Set out exactly, and only, the lines running from the one containing "2024 Renault Trafic - image 8" to the bottom of the listing below; pictures stay out.

Recorded information section start

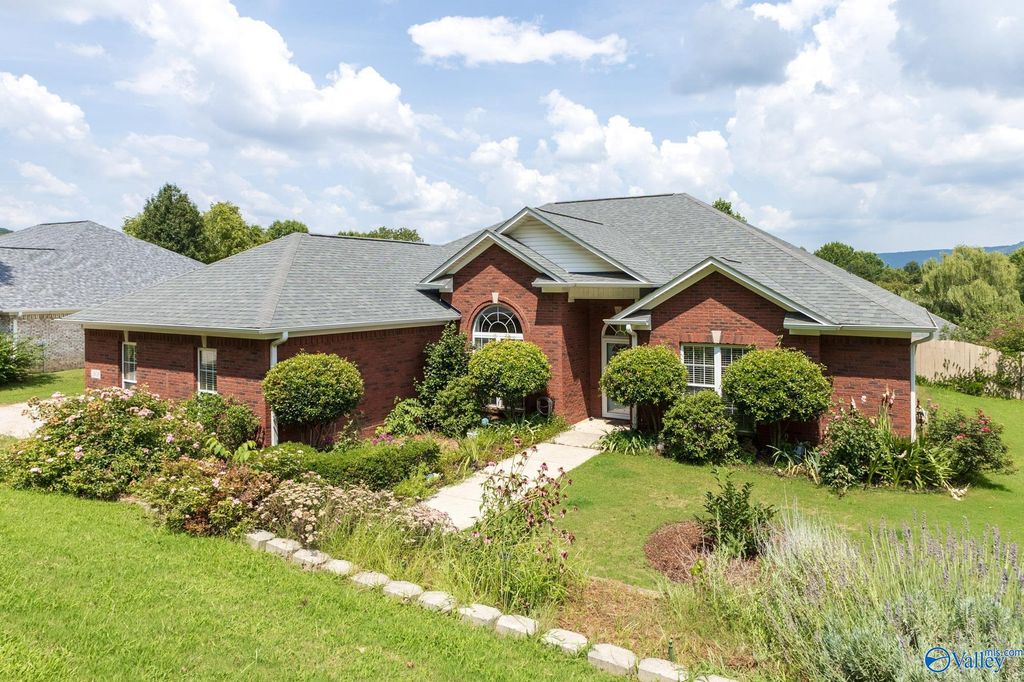 2406 Little Cove Road, Owens Cross Roads, AL 35763
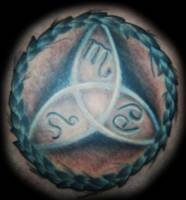Tatuaje de un simbolo celta con algunos símbolos del zodiaco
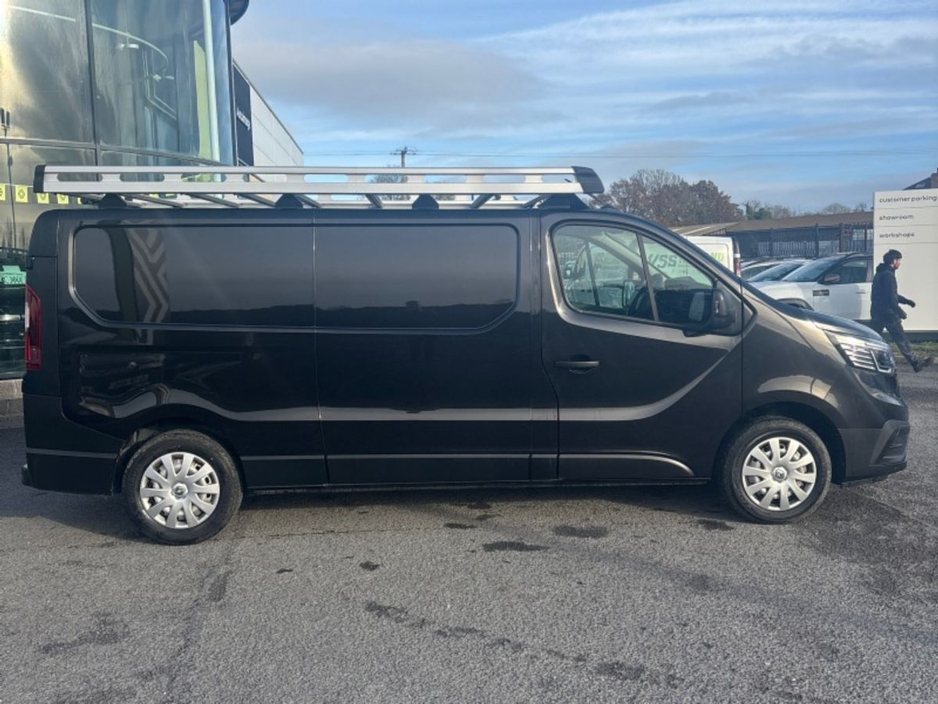 2024 Renault Trafic - image 8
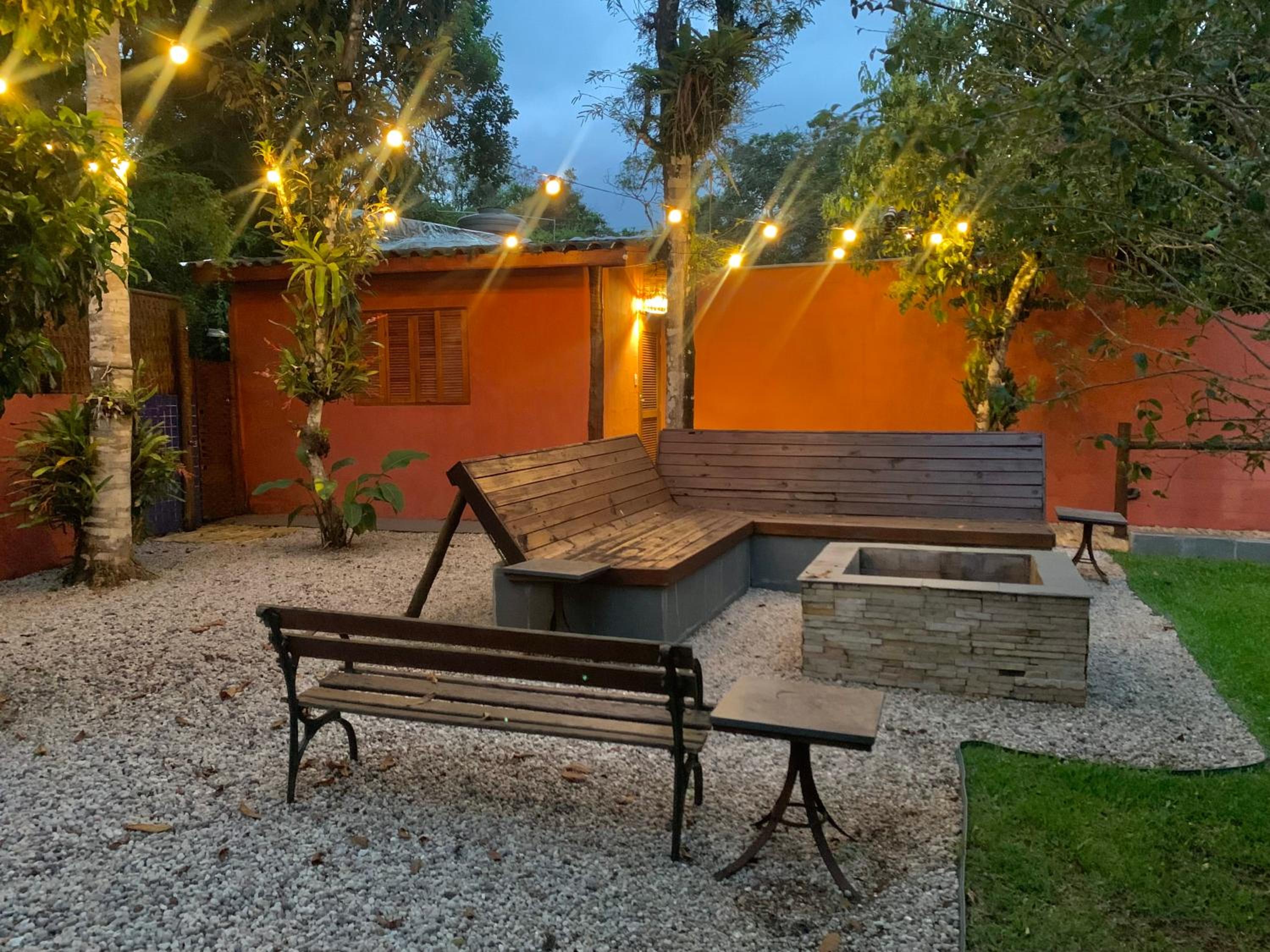 Casa com piscina a poucos minutos da praia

Recorded information section end

[Exercise result]
 2024 Renault Trafic - image 8
 Casa com piscina a poucos minutos da praia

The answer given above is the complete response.